— Task requirements —
Work through the records that follow and return each line containing the word "Crystal".

— The data —

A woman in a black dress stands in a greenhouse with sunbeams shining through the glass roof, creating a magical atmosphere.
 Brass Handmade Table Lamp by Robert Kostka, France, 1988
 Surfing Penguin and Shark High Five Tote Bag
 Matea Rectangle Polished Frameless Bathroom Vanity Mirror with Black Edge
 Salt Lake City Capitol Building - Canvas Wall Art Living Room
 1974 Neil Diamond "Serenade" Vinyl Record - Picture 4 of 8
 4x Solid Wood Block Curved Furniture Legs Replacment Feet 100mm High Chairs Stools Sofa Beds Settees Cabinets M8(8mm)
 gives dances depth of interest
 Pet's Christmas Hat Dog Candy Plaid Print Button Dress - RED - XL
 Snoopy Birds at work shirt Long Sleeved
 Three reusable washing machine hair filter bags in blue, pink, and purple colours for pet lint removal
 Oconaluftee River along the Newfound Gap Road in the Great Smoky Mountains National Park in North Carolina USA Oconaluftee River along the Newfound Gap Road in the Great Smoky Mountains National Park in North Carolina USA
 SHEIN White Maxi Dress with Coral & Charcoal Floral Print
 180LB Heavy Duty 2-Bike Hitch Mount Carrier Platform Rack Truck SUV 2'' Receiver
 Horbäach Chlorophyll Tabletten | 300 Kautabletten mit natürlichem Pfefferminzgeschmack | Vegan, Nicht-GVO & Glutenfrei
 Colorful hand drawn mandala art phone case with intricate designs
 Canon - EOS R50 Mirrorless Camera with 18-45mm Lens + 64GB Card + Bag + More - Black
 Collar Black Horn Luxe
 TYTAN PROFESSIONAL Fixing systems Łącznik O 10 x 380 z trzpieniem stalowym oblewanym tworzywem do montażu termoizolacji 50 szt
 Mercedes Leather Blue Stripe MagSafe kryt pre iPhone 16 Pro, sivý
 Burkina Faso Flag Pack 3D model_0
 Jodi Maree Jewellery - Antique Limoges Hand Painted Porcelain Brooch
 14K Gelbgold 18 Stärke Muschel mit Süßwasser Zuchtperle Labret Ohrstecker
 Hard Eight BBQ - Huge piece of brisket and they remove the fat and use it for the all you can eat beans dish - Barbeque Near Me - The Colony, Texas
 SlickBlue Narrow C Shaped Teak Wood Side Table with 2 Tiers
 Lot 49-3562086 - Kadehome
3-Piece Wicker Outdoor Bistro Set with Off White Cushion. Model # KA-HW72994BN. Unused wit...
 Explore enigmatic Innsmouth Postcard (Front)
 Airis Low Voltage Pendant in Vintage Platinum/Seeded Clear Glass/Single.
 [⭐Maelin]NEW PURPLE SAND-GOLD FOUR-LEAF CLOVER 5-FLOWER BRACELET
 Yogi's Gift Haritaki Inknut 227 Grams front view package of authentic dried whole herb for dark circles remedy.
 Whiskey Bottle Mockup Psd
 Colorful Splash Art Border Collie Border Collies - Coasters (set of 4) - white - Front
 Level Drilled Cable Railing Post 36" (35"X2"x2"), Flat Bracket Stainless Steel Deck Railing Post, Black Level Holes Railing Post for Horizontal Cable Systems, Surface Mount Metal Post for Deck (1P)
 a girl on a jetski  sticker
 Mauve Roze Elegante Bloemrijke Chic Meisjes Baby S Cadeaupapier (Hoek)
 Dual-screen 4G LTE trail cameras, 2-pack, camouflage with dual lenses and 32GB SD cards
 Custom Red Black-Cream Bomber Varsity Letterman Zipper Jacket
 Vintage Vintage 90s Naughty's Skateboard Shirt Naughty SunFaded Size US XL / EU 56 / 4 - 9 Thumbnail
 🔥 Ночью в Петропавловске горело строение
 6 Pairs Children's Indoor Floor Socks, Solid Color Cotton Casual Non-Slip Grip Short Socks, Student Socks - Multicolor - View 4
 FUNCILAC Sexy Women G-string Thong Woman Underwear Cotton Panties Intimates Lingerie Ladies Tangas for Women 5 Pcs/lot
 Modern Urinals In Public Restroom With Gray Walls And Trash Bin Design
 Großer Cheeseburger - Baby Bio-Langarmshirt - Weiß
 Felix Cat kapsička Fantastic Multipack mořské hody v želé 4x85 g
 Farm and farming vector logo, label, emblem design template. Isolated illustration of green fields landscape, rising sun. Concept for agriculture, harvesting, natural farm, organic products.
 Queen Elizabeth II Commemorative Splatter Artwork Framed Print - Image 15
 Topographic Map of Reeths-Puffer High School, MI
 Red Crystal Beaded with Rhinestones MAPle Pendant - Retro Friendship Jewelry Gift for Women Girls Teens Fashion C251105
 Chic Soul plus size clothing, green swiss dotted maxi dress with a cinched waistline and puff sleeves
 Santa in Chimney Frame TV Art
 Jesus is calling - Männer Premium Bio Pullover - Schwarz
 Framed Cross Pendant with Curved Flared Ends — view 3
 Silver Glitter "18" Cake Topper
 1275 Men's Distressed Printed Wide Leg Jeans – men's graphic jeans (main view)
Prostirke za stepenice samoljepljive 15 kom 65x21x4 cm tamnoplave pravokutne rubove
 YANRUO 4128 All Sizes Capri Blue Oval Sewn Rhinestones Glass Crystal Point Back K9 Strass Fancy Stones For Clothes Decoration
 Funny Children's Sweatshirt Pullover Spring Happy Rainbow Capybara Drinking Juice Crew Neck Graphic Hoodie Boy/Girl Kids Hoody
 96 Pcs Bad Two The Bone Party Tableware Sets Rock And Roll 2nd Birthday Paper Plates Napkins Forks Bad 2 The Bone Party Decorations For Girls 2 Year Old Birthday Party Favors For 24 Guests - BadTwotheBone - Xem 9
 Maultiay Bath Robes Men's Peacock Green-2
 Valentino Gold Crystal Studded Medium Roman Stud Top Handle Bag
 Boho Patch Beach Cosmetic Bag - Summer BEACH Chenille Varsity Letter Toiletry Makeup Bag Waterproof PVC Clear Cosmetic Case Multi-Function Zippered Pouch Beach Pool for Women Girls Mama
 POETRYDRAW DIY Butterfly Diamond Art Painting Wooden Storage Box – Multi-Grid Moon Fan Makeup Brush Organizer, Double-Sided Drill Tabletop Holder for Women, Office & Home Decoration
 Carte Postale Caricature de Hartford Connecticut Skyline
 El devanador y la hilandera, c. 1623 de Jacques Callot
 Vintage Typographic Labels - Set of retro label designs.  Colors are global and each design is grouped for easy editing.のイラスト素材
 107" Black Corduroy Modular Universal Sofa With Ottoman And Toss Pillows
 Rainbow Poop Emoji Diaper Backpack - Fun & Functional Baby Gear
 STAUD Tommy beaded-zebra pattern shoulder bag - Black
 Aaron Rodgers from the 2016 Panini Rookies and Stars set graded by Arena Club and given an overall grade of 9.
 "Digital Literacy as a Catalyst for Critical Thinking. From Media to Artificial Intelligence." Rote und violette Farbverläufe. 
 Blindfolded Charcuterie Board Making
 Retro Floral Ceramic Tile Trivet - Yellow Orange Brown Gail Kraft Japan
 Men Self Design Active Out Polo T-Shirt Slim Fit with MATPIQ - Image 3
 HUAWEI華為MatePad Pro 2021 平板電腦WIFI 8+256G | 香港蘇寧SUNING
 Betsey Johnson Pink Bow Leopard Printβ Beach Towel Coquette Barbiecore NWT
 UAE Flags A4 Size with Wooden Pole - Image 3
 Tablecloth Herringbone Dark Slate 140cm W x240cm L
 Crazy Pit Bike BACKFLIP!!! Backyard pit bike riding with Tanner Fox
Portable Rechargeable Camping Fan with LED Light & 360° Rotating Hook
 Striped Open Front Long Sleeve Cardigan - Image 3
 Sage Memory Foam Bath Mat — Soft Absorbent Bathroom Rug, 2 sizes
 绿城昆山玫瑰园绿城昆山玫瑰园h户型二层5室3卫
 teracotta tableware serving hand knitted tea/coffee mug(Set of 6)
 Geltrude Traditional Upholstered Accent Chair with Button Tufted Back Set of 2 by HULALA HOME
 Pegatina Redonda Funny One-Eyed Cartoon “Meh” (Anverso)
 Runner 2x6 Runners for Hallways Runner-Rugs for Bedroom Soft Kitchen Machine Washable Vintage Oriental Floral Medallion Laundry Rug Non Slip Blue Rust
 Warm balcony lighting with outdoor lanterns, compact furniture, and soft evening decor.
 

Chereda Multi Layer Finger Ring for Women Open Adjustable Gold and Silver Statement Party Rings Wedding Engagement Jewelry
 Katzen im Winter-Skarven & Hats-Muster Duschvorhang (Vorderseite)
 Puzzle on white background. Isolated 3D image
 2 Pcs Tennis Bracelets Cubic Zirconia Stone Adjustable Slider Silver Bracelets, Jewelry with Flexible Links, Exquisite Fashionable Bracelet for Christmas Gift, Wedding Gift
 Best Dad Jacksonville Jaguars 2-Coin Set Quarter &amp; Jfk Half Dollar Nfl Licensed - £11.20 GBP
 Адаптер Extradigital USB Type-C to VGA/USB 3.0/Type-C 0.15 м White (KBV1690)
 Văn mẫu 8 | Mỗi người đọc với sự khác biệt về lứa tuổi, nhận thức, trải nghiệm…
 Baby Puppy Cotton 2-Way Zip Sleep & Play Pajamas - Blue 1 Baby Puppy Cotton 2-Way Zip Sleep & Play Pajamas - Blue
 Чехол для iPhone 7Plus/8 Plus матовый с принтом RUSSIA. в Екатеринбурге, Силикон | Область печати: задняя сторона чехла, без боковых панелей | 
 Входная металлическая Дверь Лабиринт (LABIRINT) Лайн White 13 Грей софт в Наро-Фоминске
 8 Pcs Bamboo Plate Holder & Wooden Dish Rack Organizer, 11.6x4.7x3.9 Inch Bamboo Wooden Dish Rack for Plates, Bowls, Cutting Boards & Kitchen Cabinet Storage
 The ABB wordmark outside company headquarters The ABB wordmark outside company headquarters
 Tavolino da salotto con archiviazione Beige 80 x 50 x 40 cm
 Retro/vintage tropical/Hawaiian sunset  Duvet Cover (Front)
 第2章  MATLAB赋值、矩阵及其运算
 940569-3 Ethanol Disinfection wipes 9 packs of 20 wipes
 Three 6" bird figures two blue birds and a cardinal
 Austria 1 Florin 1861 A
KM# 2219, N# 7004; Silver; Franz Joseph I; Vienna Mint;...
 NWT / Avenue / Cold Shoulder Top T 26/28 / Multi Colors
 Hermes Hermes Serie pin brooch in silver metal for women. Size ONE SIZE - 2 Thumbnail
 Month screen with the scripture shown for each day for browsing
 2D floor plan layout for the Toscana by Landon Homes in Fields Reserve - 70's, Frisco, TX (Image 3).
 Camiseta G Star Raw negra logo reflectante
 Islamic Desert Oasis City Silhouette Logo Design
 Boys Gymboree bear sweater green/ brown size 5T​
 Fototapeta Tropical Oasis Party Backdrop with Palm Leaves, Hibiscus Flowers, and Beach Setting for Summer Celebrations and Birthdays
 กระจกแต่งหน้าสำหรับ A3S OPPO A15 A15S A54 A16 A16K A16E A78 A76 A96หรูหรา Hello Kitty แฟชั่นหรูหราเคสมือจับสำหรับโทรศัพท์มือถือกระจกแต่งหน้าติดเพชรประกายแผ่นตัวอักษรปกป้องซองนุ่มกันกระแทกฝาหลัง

— Result for this exercise —
 Red Crystal Beaded with Rhinestones MAPle Pendant - Retro Friendship Jewelry Gift for Women Girls Teens Fashion C251105
 YANRUO 4128 All Sizes Capri Blue Oval Sewn Rhinestones Glass Crystal Point Back K9 Strass Fancy Stones For Clothes Decoration
 Valentino Gold Crystal Studded Medium Roman Stud Top Handle Bag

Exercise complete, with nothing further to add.